Oman confirms collapse of nuclear talks after US-Israeli coordinated assault

June 14, 2025 - 23:32

TEHRAN – The Sultanate of Oman formally announced the cancellation of Sunday’s planned U.S.-Iran nuclear negotiations, with Foreign Minister Badr Albusaidi confirming the news on Saturday.

"The Iran-U.S. talks scheduled to be held in Muscat this Sunday will not now take place; but diplomacy and dialogue remain the only pathway to lasting peace," wrote Muscat’s top diplomat.

The move followed the Israeli regime’s blatant military assault on Iranian territory in the early hours of Friday, which reportedly martyred over 100 Iranians, including civilians, military personnel, and nuclear scientists, and targeted residential areas and critical infrastructure.

Iranian Foreign Minister Abbas Araghchi, in discussion with a European official, squarely blamed Washington for enabling the aggression.

He emphasized that continuing the talks would be "unjustifiable while barbarous Israeli attacks persist," citing U.S. President Donald Trump’s explicit support for the strikes.

Araghchi underscored that Tehran viewed the attacks as "a result of direct U.S. backing," rendering diplomacy futile while American allies bombed Iranian soil.

Foreign Ministry Spokesman Esmaeil Baqaei echoed this stance, declaring negotiations "meaningless" after Tel Aviv "crossed all red lines" with its criminal assault.
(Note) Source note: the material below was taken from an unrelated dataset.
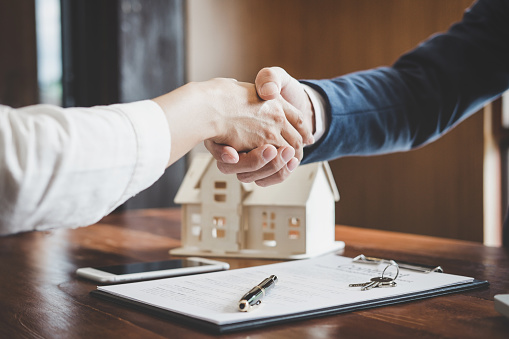 Real estate agent and customers shaking hands together celebrating finished contract after about home insurance and investment loan, handshake and successful deal.
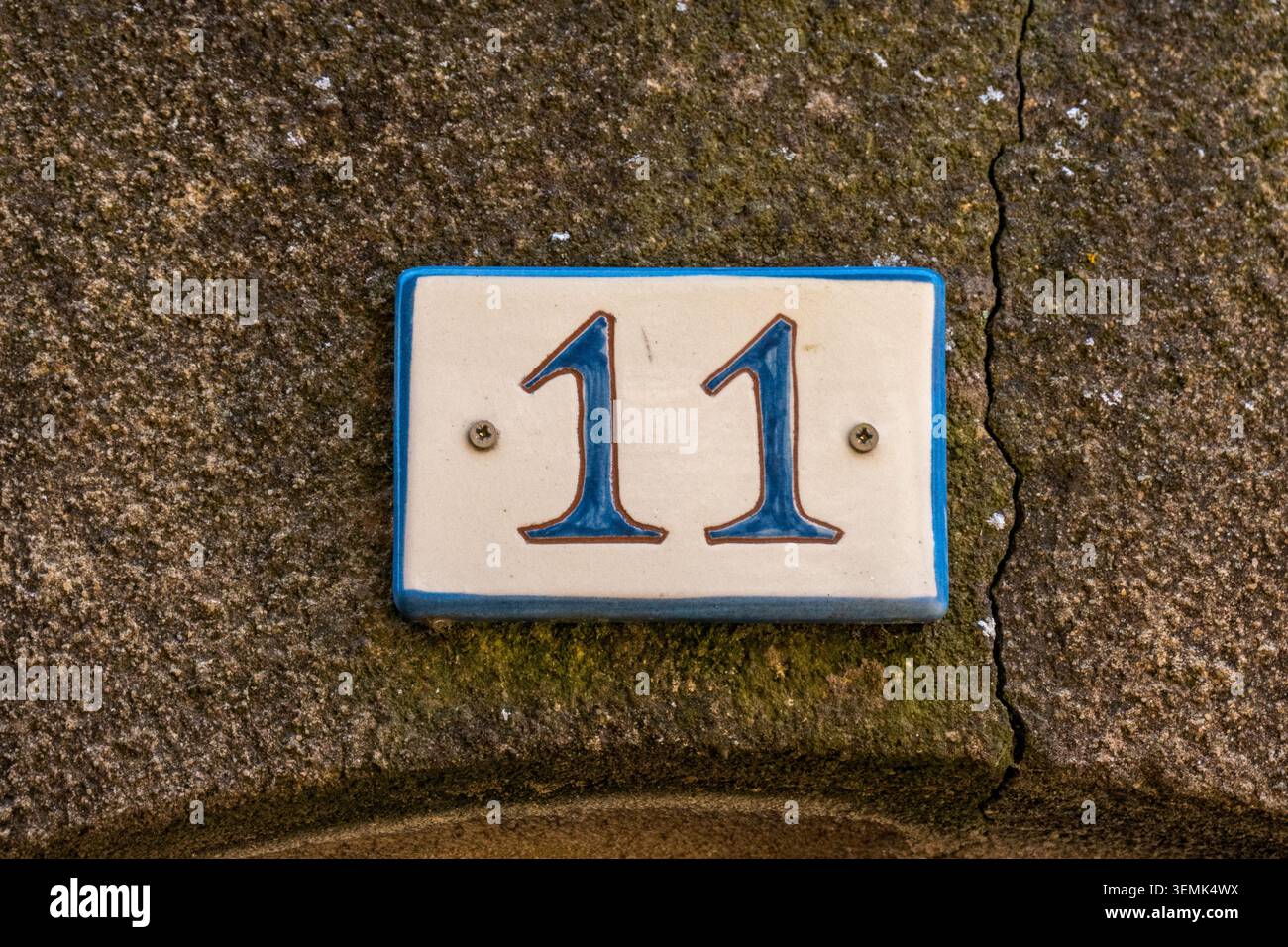 Eine blau-weiße Keramik-Hausnummer 11-Plakette, verschraubt auf eine zerrissene und moosig verwitterte Steinmauer in einem französischen Dorf Stockfoto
"You cannot claim to negotiate while greenlighting the Zionist regime to target Iran," Baqaei said.

He affirmed Iran’s immediate priority was "confronting the enemy’s aggression," adding that dialogue with a party "complicit in the aggressor’s crimes" held no value.

At the UN Security Council, Iranian Ambassador Amir Saeed Iravani condemned Washington’s "stained hands," declaring Israel’s aggression had obliterated any space for dialogue.
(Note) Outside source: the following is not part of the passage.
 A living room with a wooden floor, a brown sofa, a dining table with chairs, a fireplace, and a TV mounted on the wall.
Coordinated duplicity and a ploy for war

The collapse caps months of strained negotiations, mediated by Oman since April. Five previous rounds in Muscat and Rome had yielded minimal progress, deadlocked over Washington’s demand for "zero enrichment"—a red line Tehran repeatedly rejected.
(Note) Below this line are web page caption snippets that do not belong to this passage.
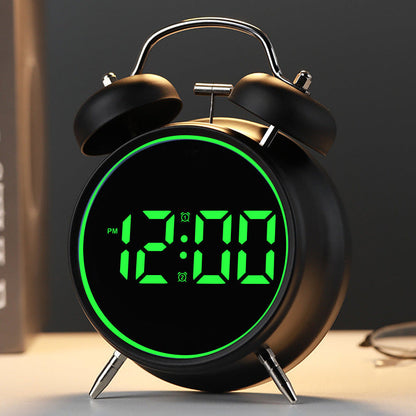 Digital alarm clock with alarm and temperature display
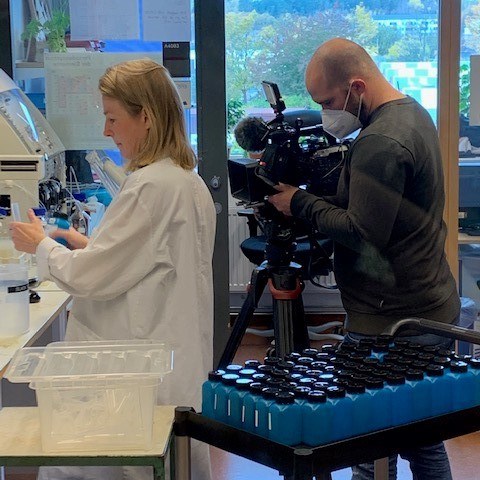 Man som filmar en kvinna som jobbar i ett laboratorium. Foto.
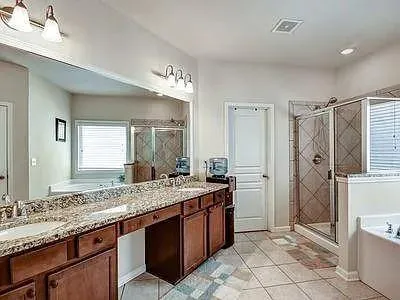 a bathroom with a granite countertop sink a toilet a mirror a vanity and bathtub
Despite Trump’s public claims of "serious progress," U.S. Special Envoy Steve Witkoff suddenly insisted Iran abandon all enrichment capabilities, a condition Iranian officials called "non-negotiable."

Just days before the attacks, the U.S. and European allies escalated pressure by engineering an anti-Iran resolution at the IAEA—the harshest in two decades—accusing Tehran of non-compliance.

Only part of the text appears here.